Detection and typing of human papillomaviruses combining different methods: polymerase chain reaction, restriction fragment length polymorphism, line probe assay and sequencing.

The identification of the etiological factor of many cervical precancerous lesions and cervical cancer, the human papillomavirus (HPV) is widely used. In this study, we evaluated the consensus and type-specific (TS) polymerase chain reaction (PCR), restriction fragment length polymorphism (RFLP), line probe assay (LiPA, Innogenetics) and sequencing to determine the HPV types in cervical specimens. Out of 690 High-grade Squamous Intraepithelial Lesion (HSIL) samples, 86.7% were HPV positive and 13.3% HPV negative by consensus primers (MY09/MY11, L1C1/L1C2-1/L1C2-2 and/or GP5/6) directed PCR. Out of 598 HPV positive samples, 85.3% were typed by TS-PCR being HPV 6/11, 16, 18, 31 and/or 33, while 14.7% remained untyped.
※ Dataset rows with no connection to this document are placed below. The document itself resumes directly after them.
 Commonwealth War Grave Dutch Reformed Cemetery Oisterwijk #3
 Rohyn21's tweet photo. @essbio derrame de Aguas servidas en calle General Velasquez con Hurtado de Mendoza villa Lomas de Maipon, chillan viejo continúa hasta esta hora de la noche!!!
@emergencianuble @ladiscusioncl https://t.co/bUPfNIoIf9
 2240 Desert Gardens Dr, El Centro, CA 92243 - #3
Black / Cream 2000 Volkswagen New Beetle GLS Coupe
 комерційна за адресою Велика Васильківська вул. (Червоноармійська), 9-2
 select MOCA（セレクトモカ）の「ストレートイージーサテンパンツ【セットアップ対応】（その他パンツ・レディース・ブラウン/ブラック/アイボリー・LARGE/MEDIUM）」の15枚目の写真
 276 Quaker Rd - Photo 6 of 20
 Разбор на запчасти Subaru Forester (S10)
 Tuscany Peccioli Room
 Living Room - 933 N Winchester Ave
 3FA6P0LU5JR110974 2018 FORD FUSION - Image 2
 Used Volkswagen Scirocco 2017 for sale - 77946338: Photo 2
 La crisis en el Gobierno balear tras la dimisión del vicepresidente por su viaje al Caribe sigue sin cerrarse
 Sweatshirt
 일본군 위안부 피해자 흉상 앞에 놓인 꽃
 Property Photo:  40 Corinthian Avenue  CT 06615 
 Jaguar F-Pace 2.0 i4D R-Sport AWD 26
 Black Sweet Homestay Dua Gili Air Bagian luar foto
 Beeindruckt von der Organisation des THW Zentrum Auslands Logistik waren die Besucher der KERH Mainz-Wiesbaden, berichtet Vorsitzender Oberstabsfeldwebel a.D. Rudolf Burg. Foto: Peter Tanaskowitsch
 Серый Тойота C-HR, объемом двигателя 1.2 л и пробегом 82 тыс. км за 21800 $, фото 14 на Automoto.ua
The most prevalent HPV type in the study group was HPV 16, identified in 35.5% cases, while HPV 31 was the second most frequent HPV type with a prevalence of 10.5%. They were followed by HPV types 6/11, 33 and 18 with a prevalence of 7.4%, 6.2% and 4.9%, respectively. Multiple HPV infections with two or more HPV types (6/11, 16, 18, 31 and/or 33) were found in 9.4% cases. A subset of 88 samples was further typed by RFLP and LiPA to determine the rare HPV types in HSIL samples. The most frequent low abundant HPV types in single infections in decreasing order were HPV 53, 58, 66, 56 and 52, while HPV 51 was the most frequent low abundant HPV type found in multiple HPV infections. Multiple HPV infections were mostly found by LiPA in 27.3% cases versus 14.8% cases found by RFLP. The perfect agreement between RFLP and LiPA assay pair was observed only for HPV types 16, 18, 34 and 59 (kappa value of 1). For other HPV types, the inter-assay agreement ranged from very good to no agreement indicating that neither assay is perfect. Sequencing was performed for 33 samples in cases where both RFLP and LiPA were inconclusive. Sequencing was shown to be a very good method in case of single HPV infection but not applicable in case of multiple HPV infections. Both RFLP and LiPA are good assays for epidemiological studies, although RFLP being cumbersome and time-consuming is less applicable than LiPA. Careful consideration has to be made before the implementation of either HPV typing methods in clinical laboratories.